Learning-Deep-Learning

KP3D: Self-Supervised 3D Keypoint Learning for Ego-motion Estimation

March 2020

tl;dr: Predict keypoints and depth from videos simultaneously and in a unsupervised fashion.

Overall impression

This paper is based on two streams of unsupervised research based on video. The first is depth estimation starting from sfm Learner, depth in the wild and scale-consistent sfm Learner, and the second is the self-supervised keypoint learning starting from superpoint, unsuperpoint and unsuperpoint with outlier rejection.

The two major enablers of this research is scale-consistent sfm Learner and unsuperpoint.

The main idea seems to be using sparse matched keypoint pairs to perform more accurate (relative) pose estimation. Previously the ego motion is directly regressed from two stacked neighboring images. This leads to much better ego motion estimation.

Both KP3D and D3VO uses DSO as backned, and KP3D reaches on par performance with DVSO while D3VO beats DVSO.

Key ideas

Some notation convention:
- $p_t \in I_t$ keypoints in target image and $p_s \in I_s$ keypoints in source image
- $p_t^{MV} \in I_s$ matched keypoints of $p_t$ in source image based on descriptor space. Based on the pair of $p_t \leftrightarrow p_t^{MV}$ we can compute the associated ego motion $x_{t \rightarrow s}$. Descriptor loss is based on this.
- $p_t^* \in I_s$ warped $p_t$ in source image ($\hat{p_t}$ in KP2D ). Sparse keypoint location loss is between $p_t^{MV}$ and $p_t^*$.
- Once $x_{t \rightarrow s}$ is known, dense Photometric loss and sparse keypoint location loss are formulated.

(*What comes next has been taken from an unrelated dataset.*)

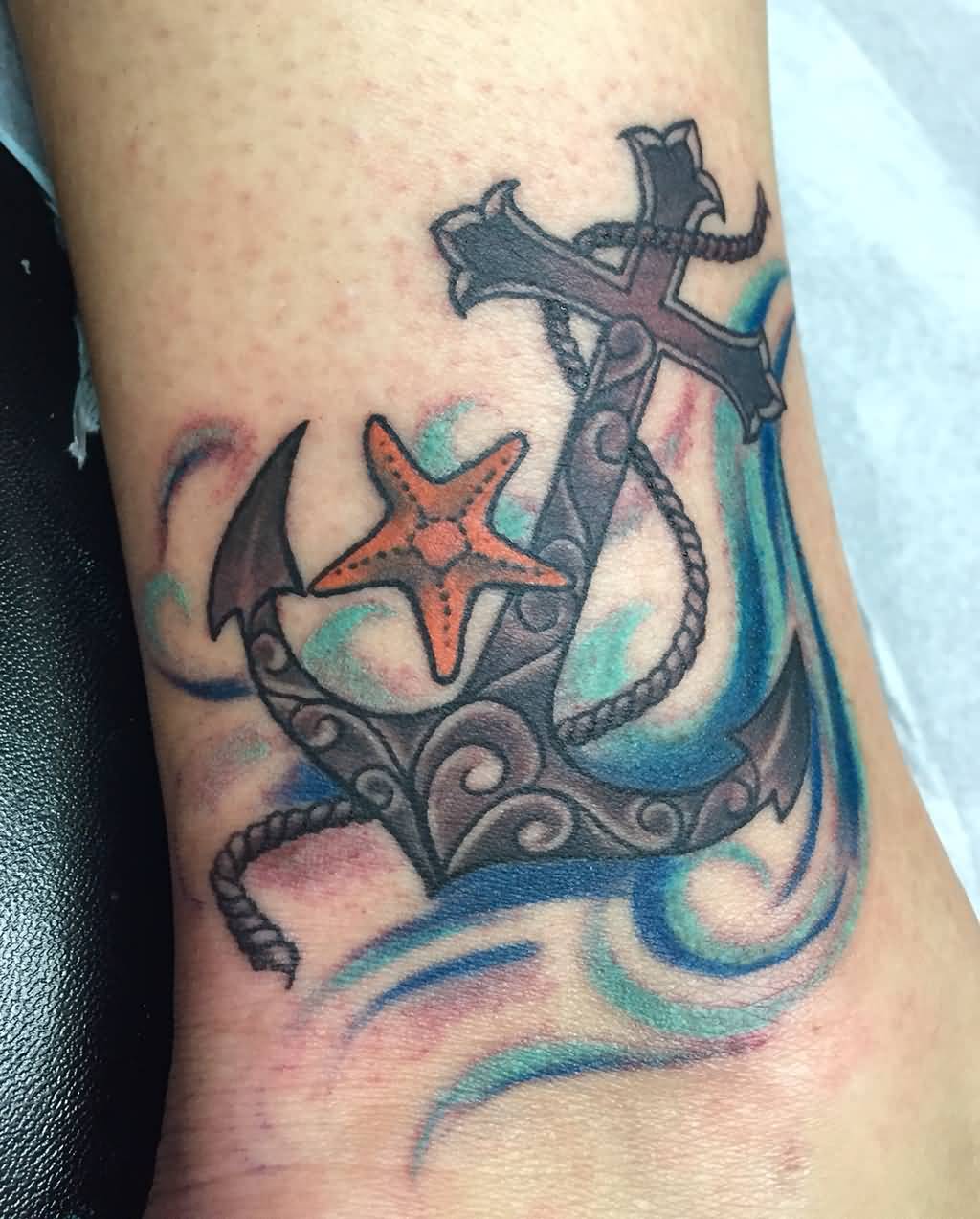Traditional Starfish With Cross Shaped Anchor Tattoo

In the whole pipeline, calculating $p_t^$ is the hardest. In Homography Adaptation $p_t^$ can be calculated trivially, but in multi-view adaptation this is hard and need to project to 3D via $\pi^{-1}(R

t)$.

Instead of using CNN directly for pose estimation (PoseNet in sfm Learner), KP3D uses matched keypoint to do pose estimation, and this could be the key to the better performance (superpoint and unsuperpoint are known to yield very good HA, homography accuracy).
Added depth consistency, as the depth is scale-ambiguous. It is critical for ego-motion estimation. A sparse loss between $p_t$ and $p_t^{MV}$ is used.
Pose estimation from matched 2D points:
- Conventional method uses epipolar geometry constraint to get R and t
- As we have estimated Depth, we can do Epnp. However this is not differentiable and thus can only be used as an initial guess
- We can roughly use transformed 3d position (with initial guess) of keypoints to get 3D location of points in new camera coordinate. Then use the SVD based method (Kabsch algorithm to get a closed form solution. This is one special case of the ICP algorithm.

Technical details

Training process:
- Pretraining keypoint detector (similar to KP2D).
- KeypointNet and DepthNet both imageNet pretrained ResNet18.
- Changing backbone from VGG in KP2D to ResNet18 in KP3D improves performance.

Notes

Both Kabsch algorithm and ICP is solution to the problem of Orthogonal Procrustes problem 正交普鲁克问题.
普洛克路斯忒斯 (Procrustes) 是希臘神話中海神波塞頓 (Poseidon) 的兒子。他在雅典到埃萊夫西納 (Eleusis) 的神聖之路 (The Sacred Way) 上開設一間黑店，向路過的旅人謊稱店內設有一張適合所有人的鐵床。旅客投宿時，普洛克路斯忒斯將身高者截斷雙足，身矮者則強行拉長，使之與床的長短相同。從來沒有一個人的身長與鐵床的長度相同而免於凌遲，因為他暗地裡準備了兩張床[1]。後人於是以 Procrustean 表示「削足適履，殺頭便冠」，意思是將不同的長度、大小或屬性安裝到一個任意的標準。
正交 Procrustes 问题：给定两个mxn阶实矩阵A和B，求一个nxn阶实正交矩阵$Q^T=Q^{-1}$使得 $|B-AQ|_F$ 具有最小值，其中F是 Frobenius 范数。正交 Procrustes 问题是一个最小平方矩阵近似问题，可以这麽解读：A 是旅人，B 是铁床，正交 Procrustean 变换 (包含旋转和镜射) Q 即为施予旅人的肢体酷刑。我们的问题是求出一酷刑使旅人变形后的身长与铁床的长度最为吻合。